Take the entries below and reproduce exactly the portion that begins at the line containing "Hand, Beard, Hat, Engineering, Machine, Sun" and ends at the line containing "brown suede hiking boot", keeping both ends, dropping pictures, and adding nothing else.

Start of Data provided

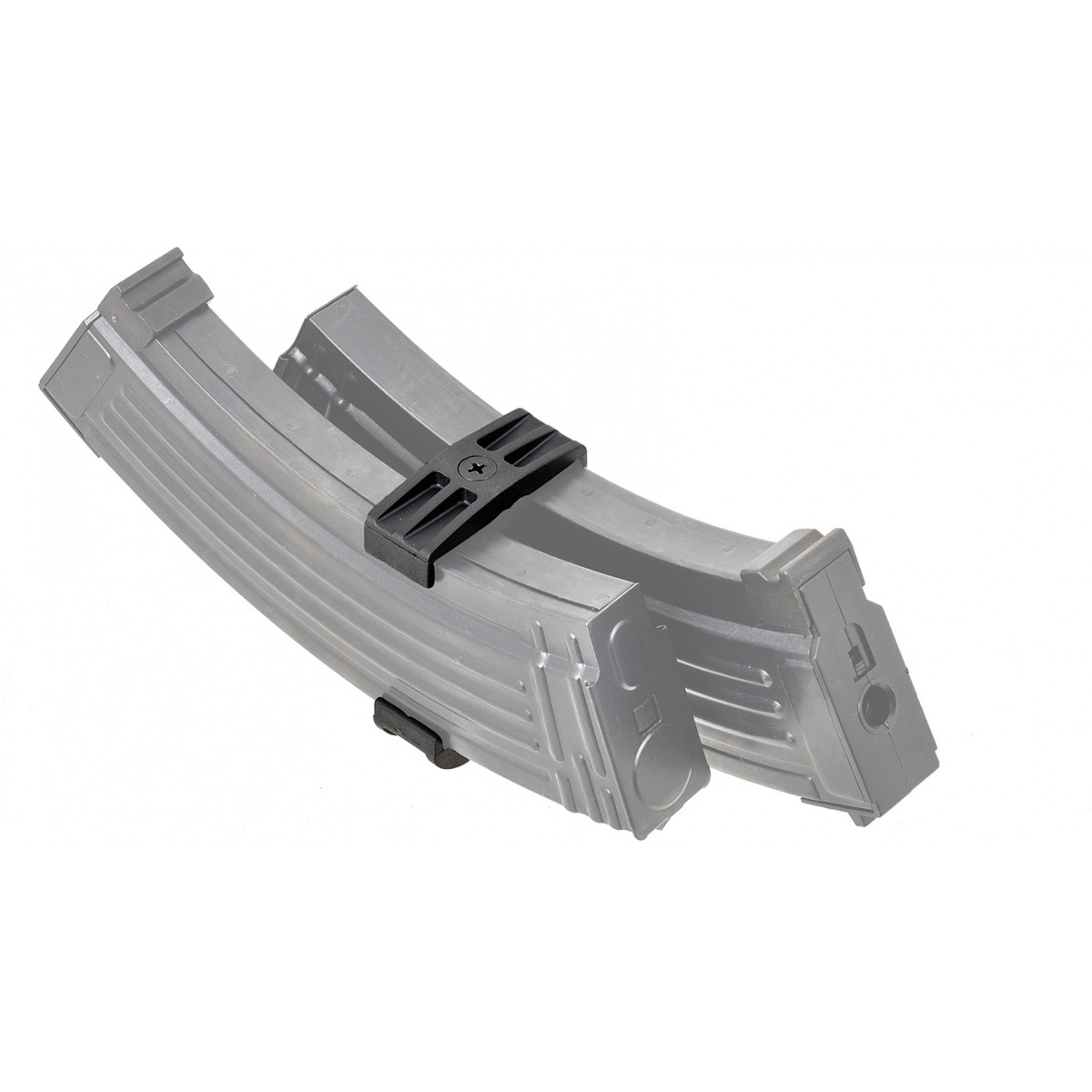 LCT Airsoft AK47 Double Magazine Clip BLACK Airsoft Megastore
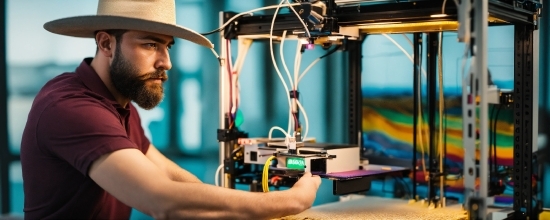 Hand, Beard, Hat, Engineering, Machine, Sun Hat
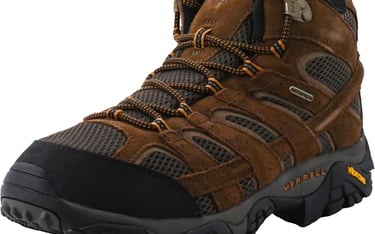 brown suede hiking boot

End of Data provided
Start of Data provided

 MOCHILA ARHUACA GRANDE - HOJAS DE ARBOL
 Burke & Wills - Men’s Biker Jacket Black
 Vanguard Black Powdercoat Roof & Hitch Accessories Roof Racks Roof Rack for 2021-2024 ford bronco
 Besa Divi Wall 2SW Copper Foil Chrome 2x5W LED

End of Data provided

→ Exercise result:
 Hand, Beard, Hat, Engineering, Machine, Sun Hat
 brown suede hiking boot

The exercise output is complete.